400.000 manifestants à Barcelona

La Diada renoue avec les mobilisations de masse

Le mouvement indépendantiste catalan marquera l’Histoire politique de l’Europe par la série exceptionnelle des manifestations de masse qui, depuis le 11 septembre 2012, à l’occasion de la Diada, commémorent chaque année la Nation Catalane. Après l’interruption de l’an dernier, en raison de la pandémie, la Diada 2021 a renoué avec un succès de participation qui a été bien au-delà des attentes des ONG organisatrices, l’Assemblea Nacional Catalana et Omnium Cultural.

 

Sur cette édition 2021 pesaient des incertitudes nombreuses : la permanence de la pandémie, et donc la réticence naturelle à se noyer dans une foule compacte ; l’interruption d’une année, et les incertitudes quant aux conditions sanitaires, ce qui a nécessairement affecté les mécanismes de la mobilisation populaire ; et la déception de tous ceux qui avaient placé leur espoir dans le referendum de 2017 et qui constatent aujourd’hui une « panne de stratégie collective » des mouvements politiques catalans, notoirement divisés malgré leur majorité absolue et leur union au gouvernement de la Generalitat.

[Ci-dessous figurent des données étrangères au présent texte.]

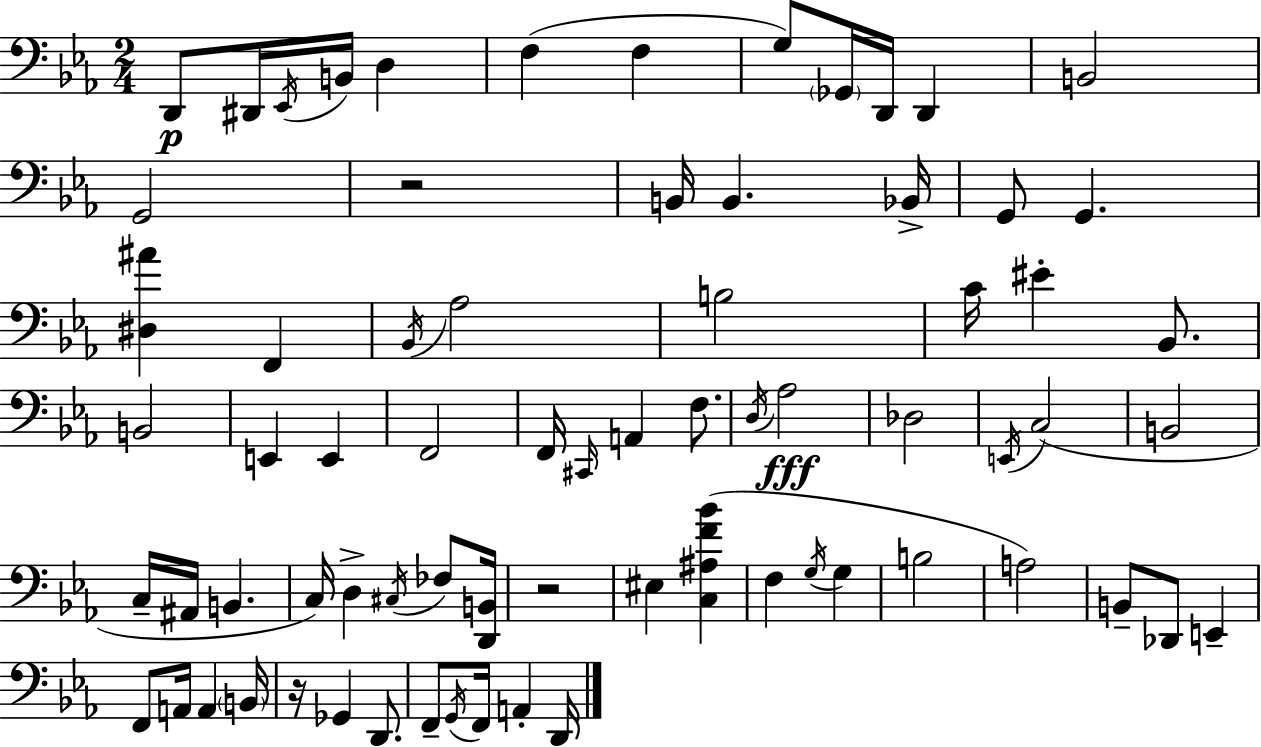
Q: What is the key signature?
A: C minor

Pour les organisateurs, ces 400.000 manifestants sont la démonstration d’un sentiment national intact malgré les difficultés politiques actuelles, et, pour eux, c’est en retournant aux fondamentaux de la mobilisation que le peuple catalan tracera à nouveau sa route vers l’indépendance.

Certes la mobilisation a été moindre que durant les années de 2013 à 2017, quand la Diada rassemblait chaque année un million de manifestants et même davantage, accompagnant ainsi la dynamique qui a débouché sur le referendum du 1er octobre 2017.

La répression s’est abattue, les procès, les condamnations se sont multipliées, puis les prisonniers politiques, condamnés pour avoir simplement respecté les engagements pris devant leurs électeurs en organisant le referendum (jusqu’à 13 années de prison !), condamnation extravagante dans l’espace démocratique qui devrait être celui de l’Europe.

 

Face à ces vents contraires, il faut tenir le cap, et la Diada 2021 l’a fait.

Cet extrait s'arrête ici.